Our story does not have a happy ending. As they typically warn you about in the movies, we considered acting on that school-age foolish love, and when it never moved forward I never got past it. I spiraled out of control; admittedly my own fault. He made choices I couldn’t agree with and couldn’t not vocalize; he refused to talk with me through our problems as we had as teenagers. We grew apart. We both met significant others that lasted…and the few-and-far-between phone calls grew even farther apart. I tried to rekindle our friendship, to save it when I finally got past the feeling of having my childhood heart crushed…but there was nothing left to save. He had moved on too, and asked me to stop calling.

That was 2 years ago.

I still think about him. Nearly every day.

I am powerless to loyalty and friendship. Our story is not one full with an abundance of happy memories: instead it is full with a smattering of smiles covered in pain, heartbreak, and confusion. Yet, I can’t fully let go. Everything tells me I should. I am only hurting myself by still thinking about him. My other friends tell me I am better off, but am I?

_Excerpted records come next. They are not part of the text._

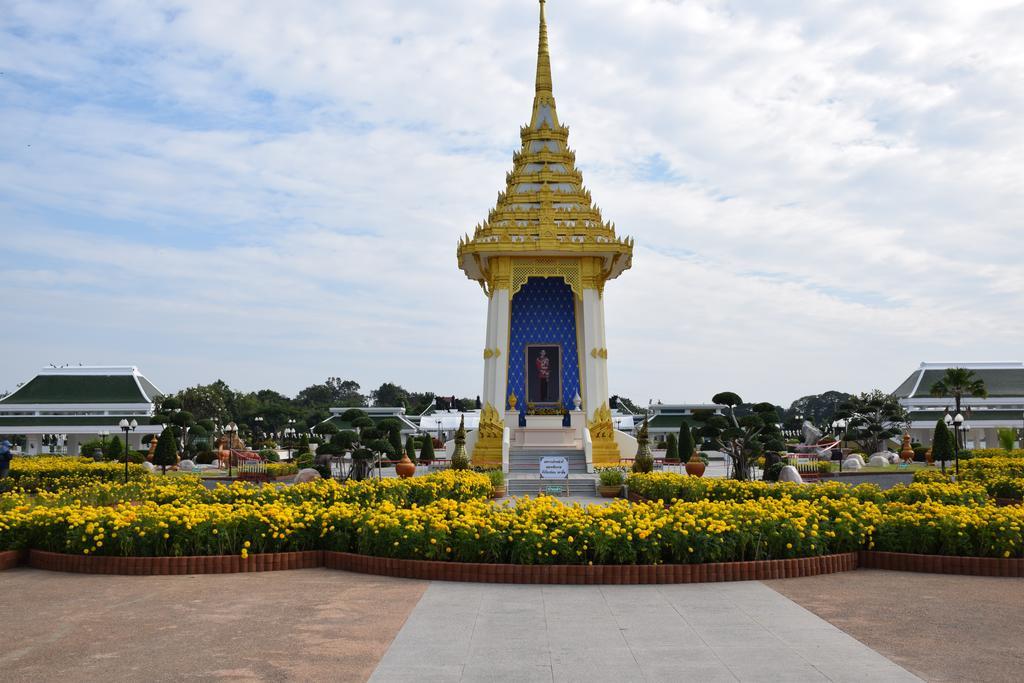 Sumali Villa Sing Buri Exterior photo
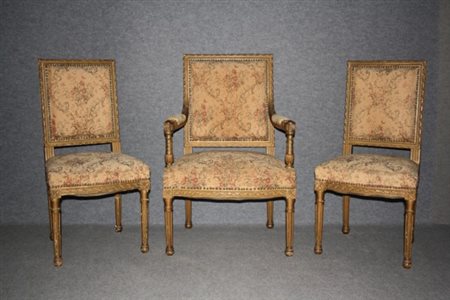 Lotto composto da una poltrona e due sedie in legno intagliato e dorato con...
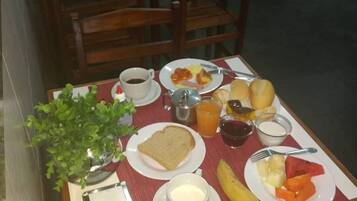 Café da manhã com buffet grátis todos os dias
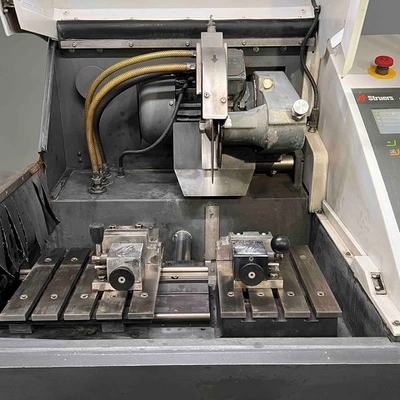 Item# L204 Struers Discotom-100 Automatic Saw #309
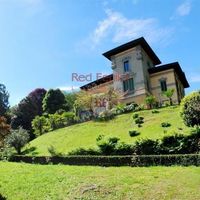 Вилла в Италии, Тронцано-Лаго-Маджоре, 800 кв.м.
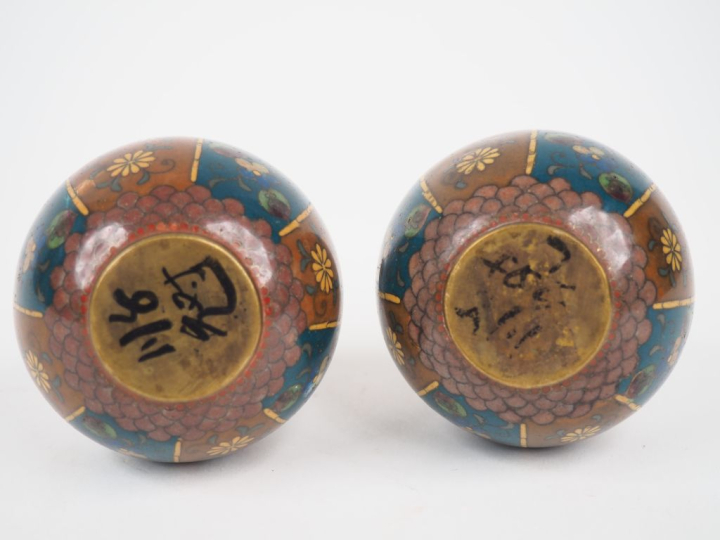 Japon vers 1900. Paire de vases pansus en émaux polychromes à décor de
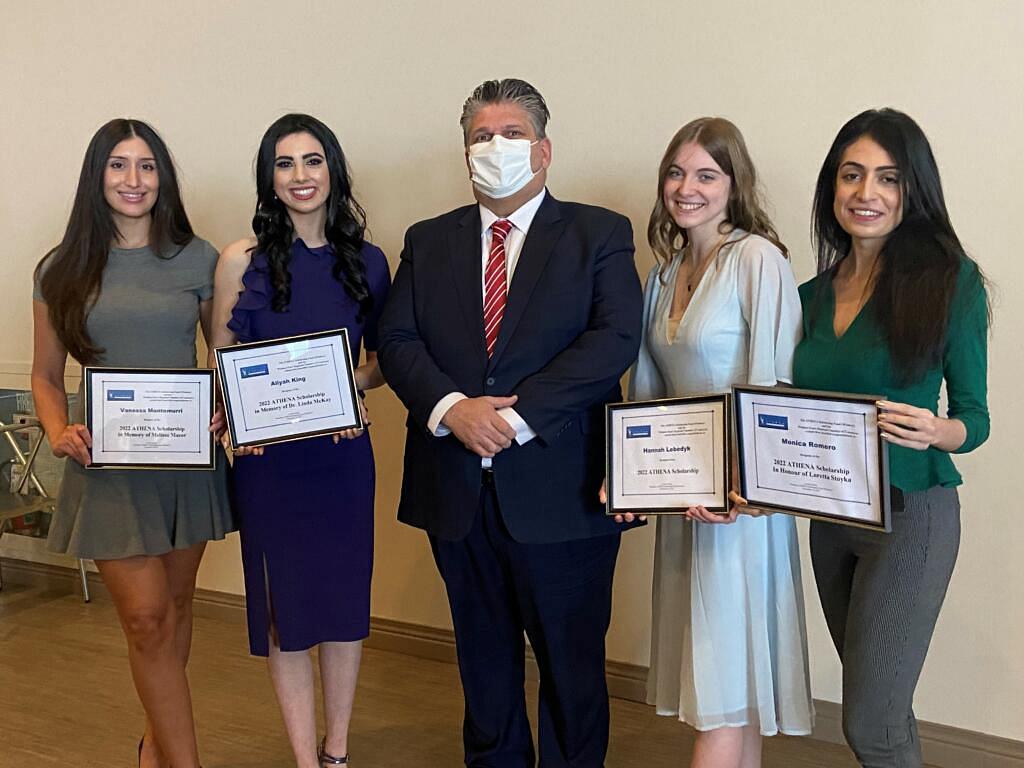 Four Local Women Honoured At ATHENA Scholarship Luncheon windsorite.ca/2022/11/four-l… #YQG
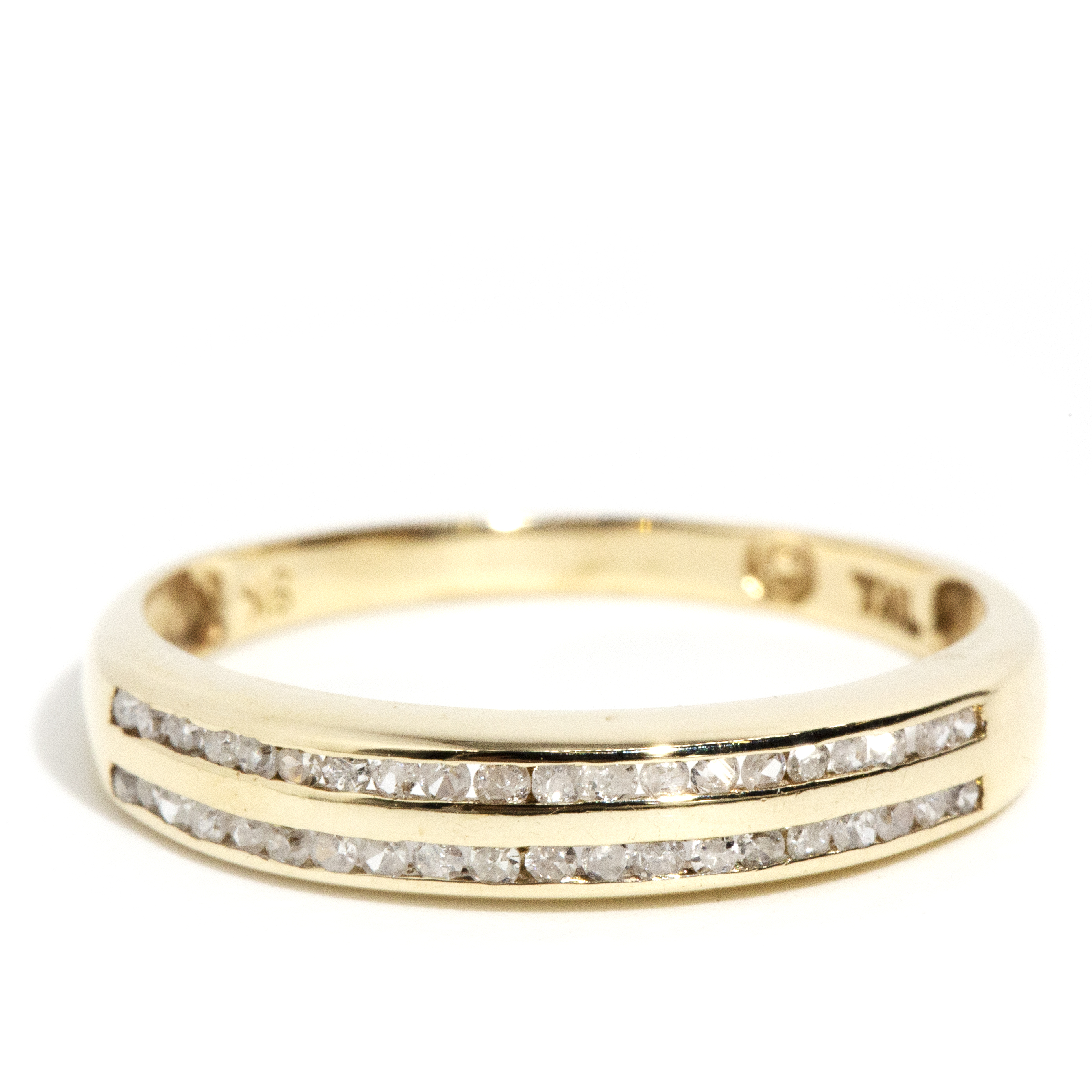 150 · Diamond 9 Carat Gold Ring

I know in my heart of hearts that if he were to call, or we were to run into each other in the small world that is South Jersey, I know I would not be able to walk away. I know I would find myself in the locker-filled hallways of high-school again. I know I’d jump to his beck-and-call because I don’t know how to turn that part of me off. He is engraved in my life…and I am powerless to my loyalty to him.

He could discard his friendship. He could move forward. Me? I’m stuck.

Don’t get me wrong. Powerless-ness does not mean I am not bitter. I’m angry that he let go. I’m hurt that I still feel a connection for someone who feels so little for me. I’m confounded by the fact that my emotions can run such a gambit. I am powerless to my inability to move forward, but I am bathed in negativity towards the situation.

By admitting that I am powerless to my loyalty, that I am haunted by my inability to close a door, maybe the failed friendship will slowly start to take a back seat to my story. Maybe I won’t remember a missed birthday. Maybe I’ll stop counting the days. Maybe I’ll fold up our story into a little box that can be locked away as happy memories, and let it live where it is supposed to.

Maybe I’ll learn to be loyal only when it makes ME happy.

And maybe I’ll stop always trying to be loved by someone else, and start just loving myself.